Gestern Abend wurde die Fernsehansprache von Bundespräsident Frank-Walter Steinmeier gesendet, in der er sich wegen der Coronavirus-Pandemie und aus Anlass des Osterfestes an die Menschen in Deutschland wendet. Beim Anschauen dieser Rede habe ich mich gefragt, welches Gemälde ausschnitthaft hinter dem an einem Schreibtisch in seinem Amtszimmer im Berliner Schloss Bellevue sitzenden Bundespräsidenten zu sehen ist. Es ist dieses Bild:
Es handelt sich dabei um das Gemälde „Der Weimarer Musenhof. Schiller in Tiefurt dem Hof vorlesend“ (1860) von Theobald Reinhold von Oer.

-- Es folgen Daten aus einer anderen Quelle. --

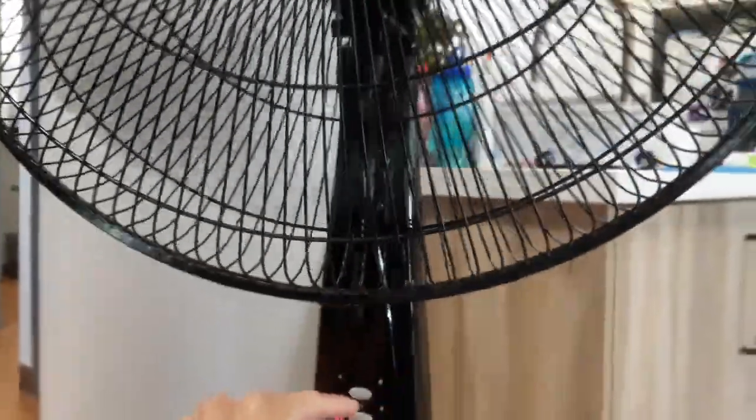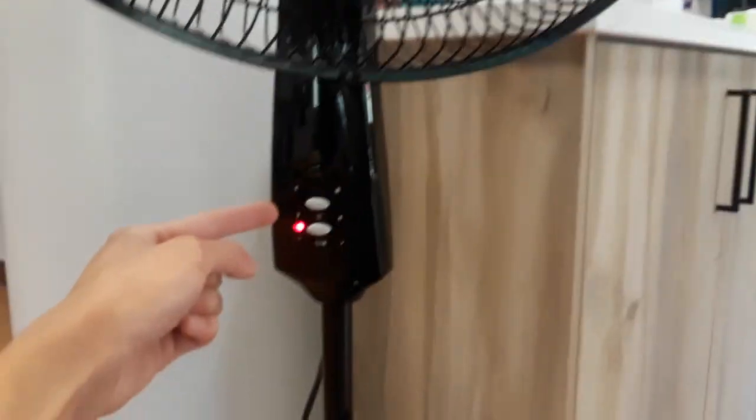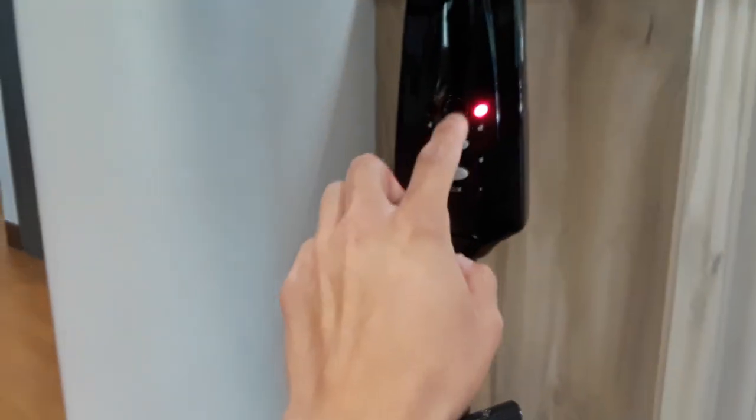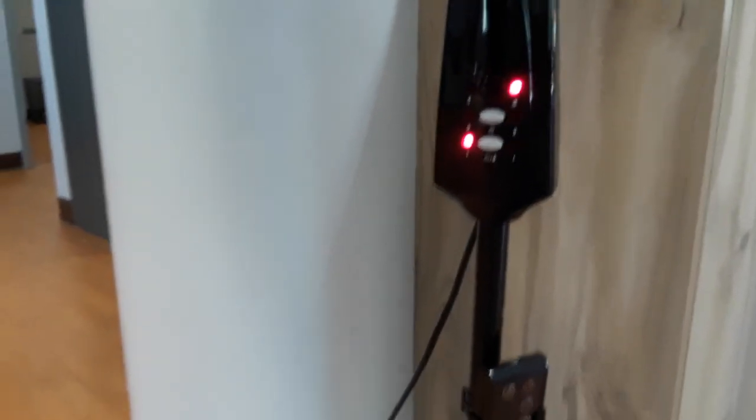Here's the timer control. It has the hours on the left side and the speeds on the right side. There's a button on the top in the middle.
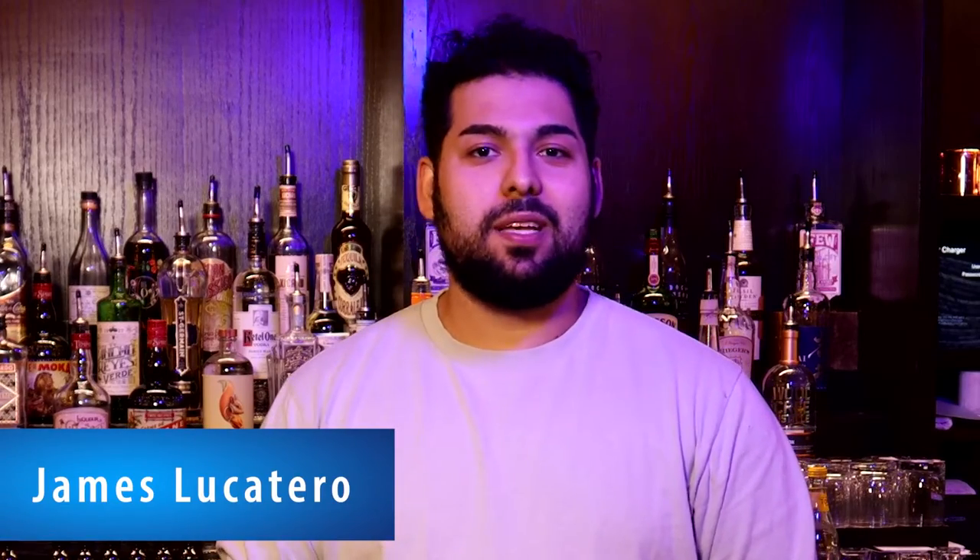My name is James Lucutero. I work here at Brewbank. I am the manager here now, but I'm also one of the many bartenders that we have.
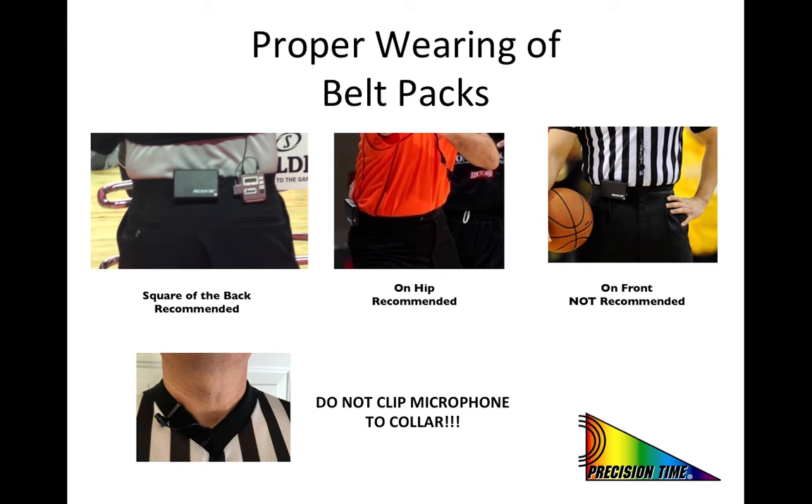This slide is to briefly review the recommended placement of the belt pack when worn. We are recommending that the pack be placed either in the square of your back or on your hip. The primary reason for discouraging the placement of the belt pack on your front side is that occasionally when reaching down to pick up the ball or tie your shoes, the start button can be inadvertently pressed with your leg, which then starts the clock usually during a dead ball situation.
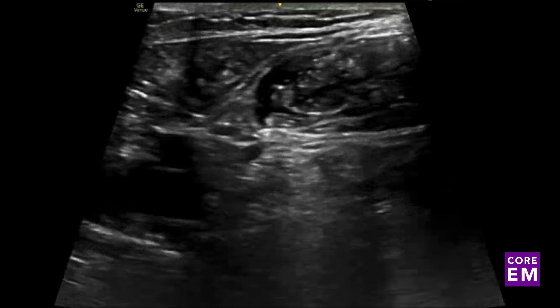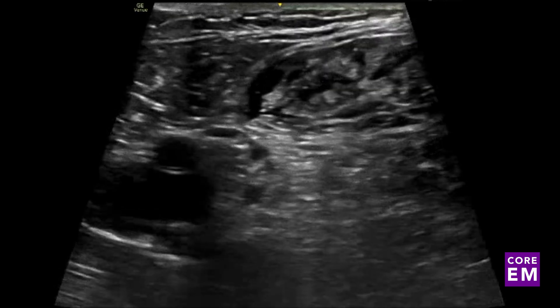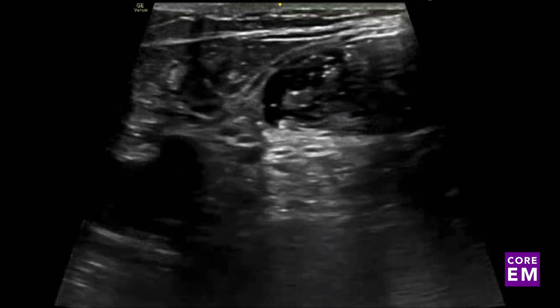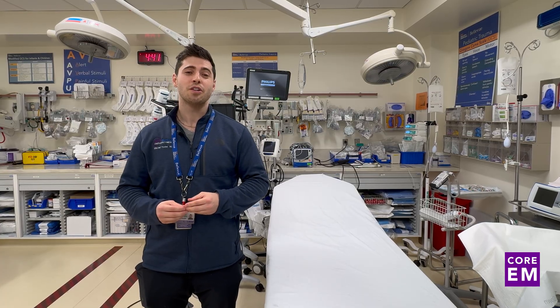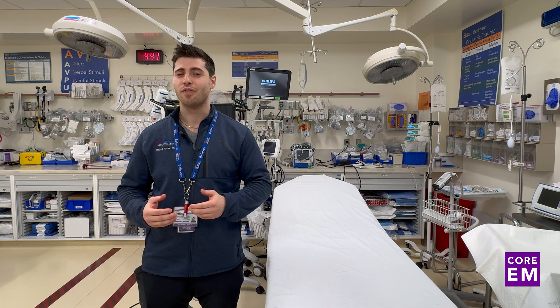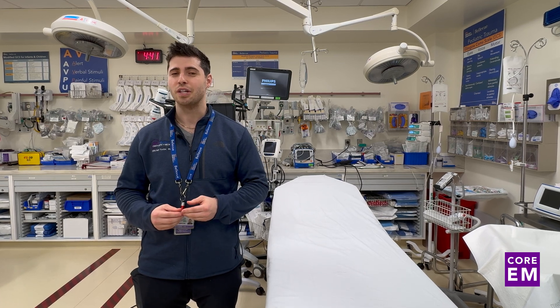The patient should be monitored on a cardiac monitor during this procedure to ensure there are no significant cardiac side effects from the large dose of lidocaine or bupivacaine. A pro tip: we recommend using color ultrasound over your area of interest to identify any additional vasculature that may be in the area and avoid intravascular injection.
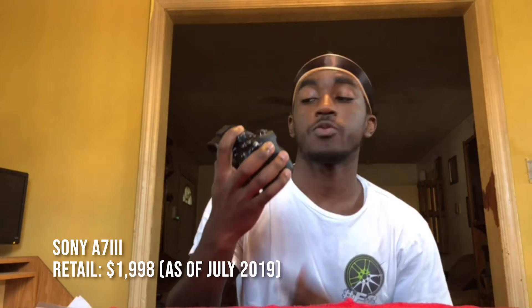Hey guys, I'm going to be doing a review today of the Sony a7 III — it's new to me — and I'm going to go over some of the features it has. Right now I'm recording on my phone; it'll only be for a little bit until I switch to the camera.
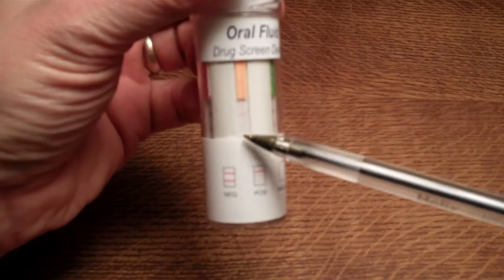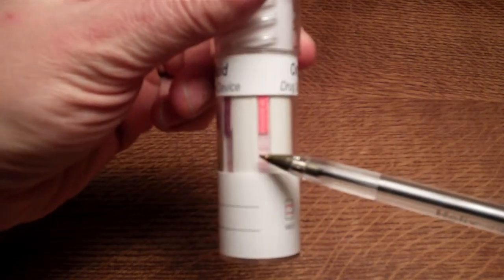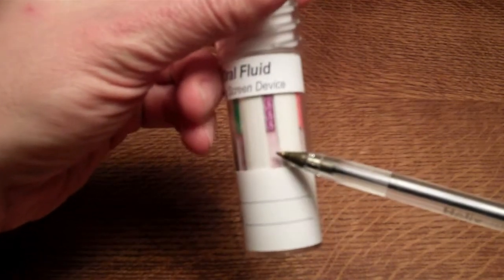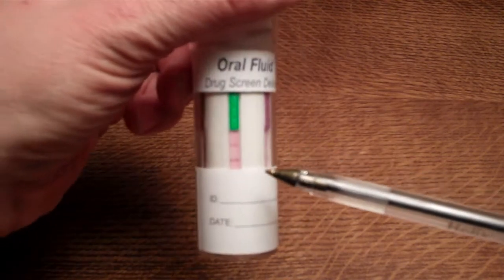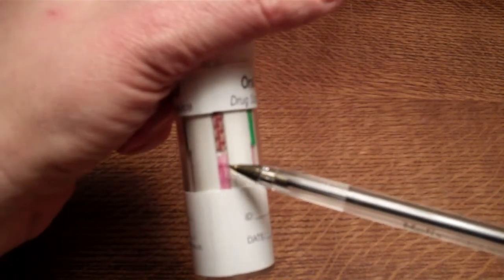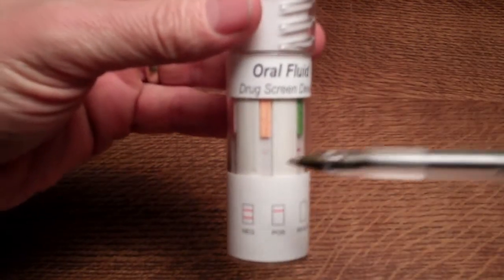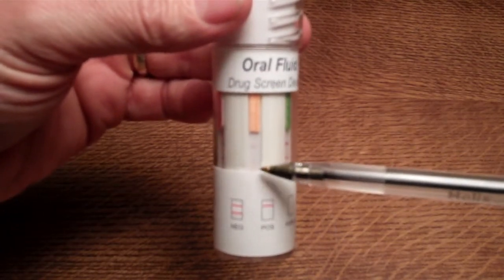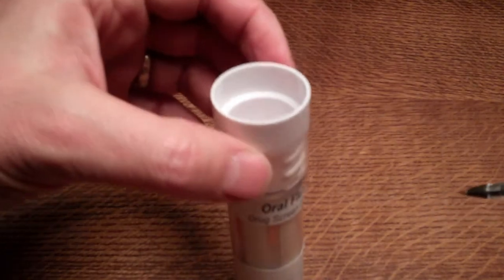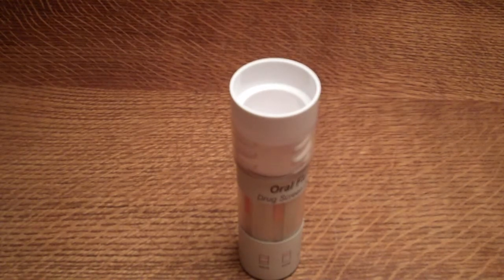Compare that to the BZO test membrane, which is taking a lot longer to develop, although there is a clear control line. The methadone test is showing a clear negative already. The OPI test still has a lot of dye in the background but clearly shows a control and test line. The COC and THC membranes also show clear control and test lines. The one we're still waiting on is the benzodiazepine result — we're just starting to see a faint test line for a negative result, but we need to allow a full 10 minutes before interpreting a positive, which is shown by the absence of a test line in the presence of a control line.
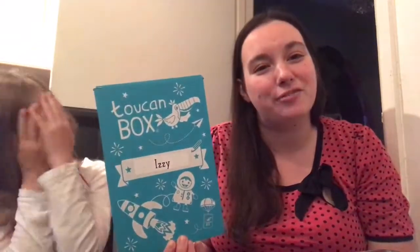Hi everyone and welcome back to my channel. Today we're going to do a different video — we have got a Toucan box that came through the post, so we are going to unbox it and do the craft for you.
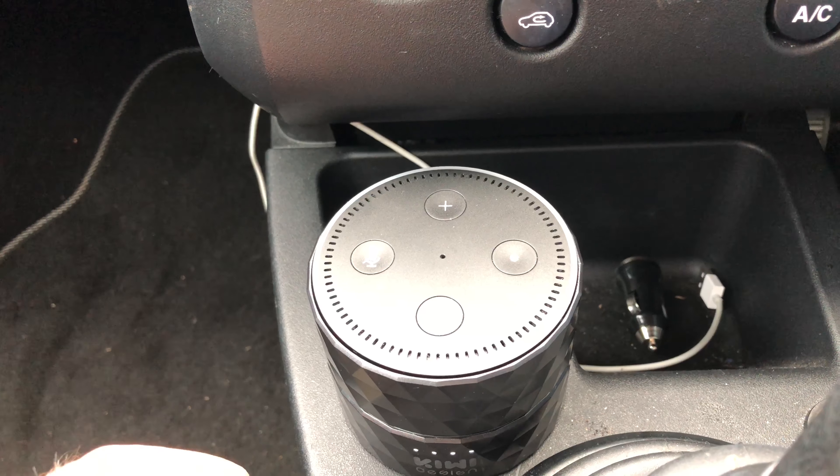Just to give you an idea, you could also put it in your glove box, but again the sound is going to be slightly different. If you are looking at getting a battery pack, I highly recommend these — I will put a link in the description below. It's currently on offer as well, so it's definitely worth buying.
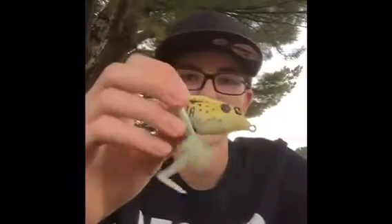Hello, so today on YouTube I'm doing a review on the Lunkers Poppin Frog Topwater Frog.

Dargestellt ist die rückblickend verklärte Vorstellung davon, wie am Weimarer Hof des späten 18. Jahrhunderts, während der Regentschaft von Herzog Carl August, ein aufgeschlossener Austausch in idyllischer Umgebung (dem Park von Schloss Tiefurt bei Weimar) zwischen Herrschenden (der Familie des Fürsten sowie sein Hof, einschließlich Goethe) auf der einen Seite und verschiedenen „Dichtern und Denkern“ auf der anderen Seite hätte stattfinden können – auch wenn er in dieser Form nicht stattgefunden hat. Die gerade vortragende Person ist Friedrich Schiller. Links sieht man unter anderem Alexander und Wilhelm von Humboldt sowie Wilhelms Ehefrau Caroline.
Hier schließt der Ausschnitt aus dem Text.